What exercises can tighten the female vagina?

What exercises can tighten the female vagina?

For female friends, it is not only our appearance that declines with age, but also the functions of various parts of the body will deteriorate. For example, the skin loses elasticity, wrinkles appear on the body, and the vagina becomes loose. I believe everyone knows how to deal with the first two, but what should we do when the vagina becomes loose? Don't be nervous, today I will teach you a set of exercises that can tighten the vagina.

1. Specific steps

Lie on your back on the bed and gently insert a finger into the vagina. Try to relax your body at this time, then actively contract your muscles to clamp your fingers. Inhale while contracting your muscles. You can feel the strength of the muscles wrapping around your fingers.

Exhale as you relax your muscles, and repeat several times.

Each muscle contraction lasts for 3 seconds, then relaxes for 3 seconds.

Now you can remove your fingers and continue practicing relaxing and contracting your muscles.
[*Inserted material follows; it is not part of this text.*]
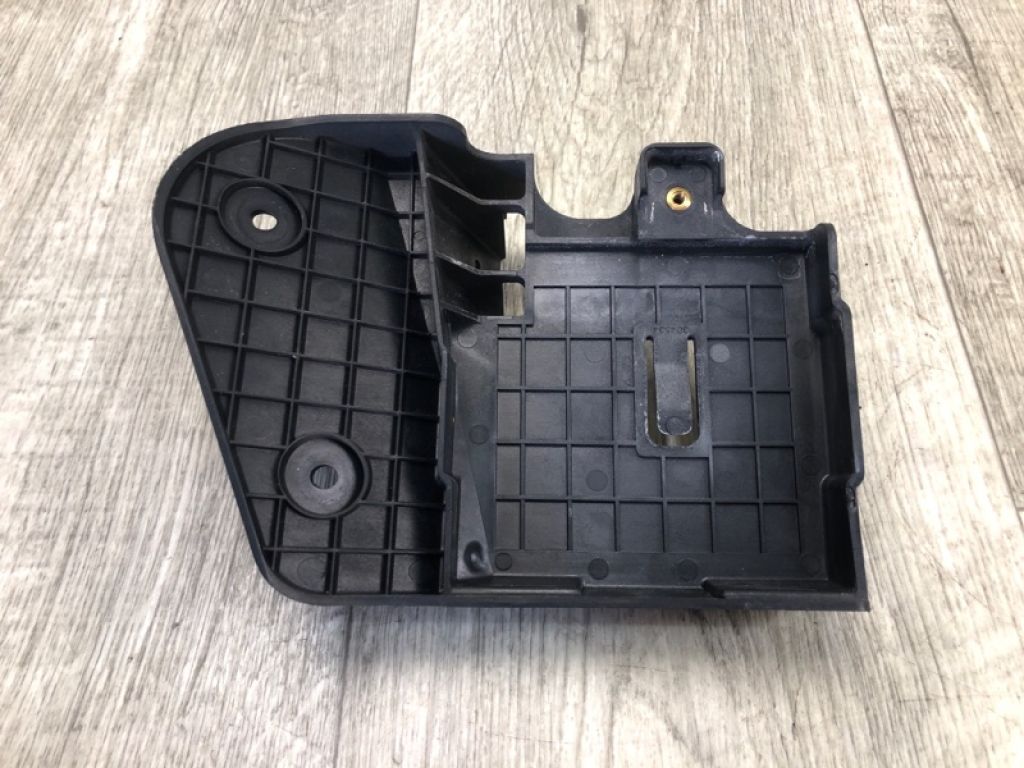 DP5Z-14D189-C | Кронштейн датчика слепых зон прав. LINCOLN MKZ 13-20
Concentrate on feeling the contraction and relaxation of your muscles, gradually going from tightening your muscles for 5 seconds to contracting them for 10 seconds.

2. Time

It will take several weeks to achieve this goal, and if you want to do Kegel exercises, you need to continue for at least 6 weeks.

If you can contract and relax freely during practice, you can practice rapid transition from contraction to relaxation, reaching the point where you can contract and relax once each within one second. In addition, practicing pushing the vaginal muscles outward and downward also has a certain meaning.

3. Key points

When you first start practicing, you can lie on your back on the bed, relax your body, and focus on the anus contraction movement.

Pay special attention to not exerting force on your legs, buttocks, and abdominal muscles.

After feeling the contraction of the pelvic floor muscles, focus the contraction movement on the vagina and urethra, and continue to repeat the frequency of contraction and relaxation.

4. Time

Do pelvic floor muscle exercises 1 to 2 times a day, each time for 10 minutes.

When the exercise continues for about 6 to 8 weeks, not only will the vaginal muscles become tighter, but the sensitivity of the vagina will also increase.

Once you become proficient in it, you can do this exercise anytime and anywhere, sitting, standing or lying down.

For women who are getting older and are about to enter menopause, if your sex life has shown signs of disharmony, you might as well try the exercises mentioned above by the editor, because the impact on the relationship between husband and wife is closely related to vaginal relaxation. For young women, you can also exercise early for health care!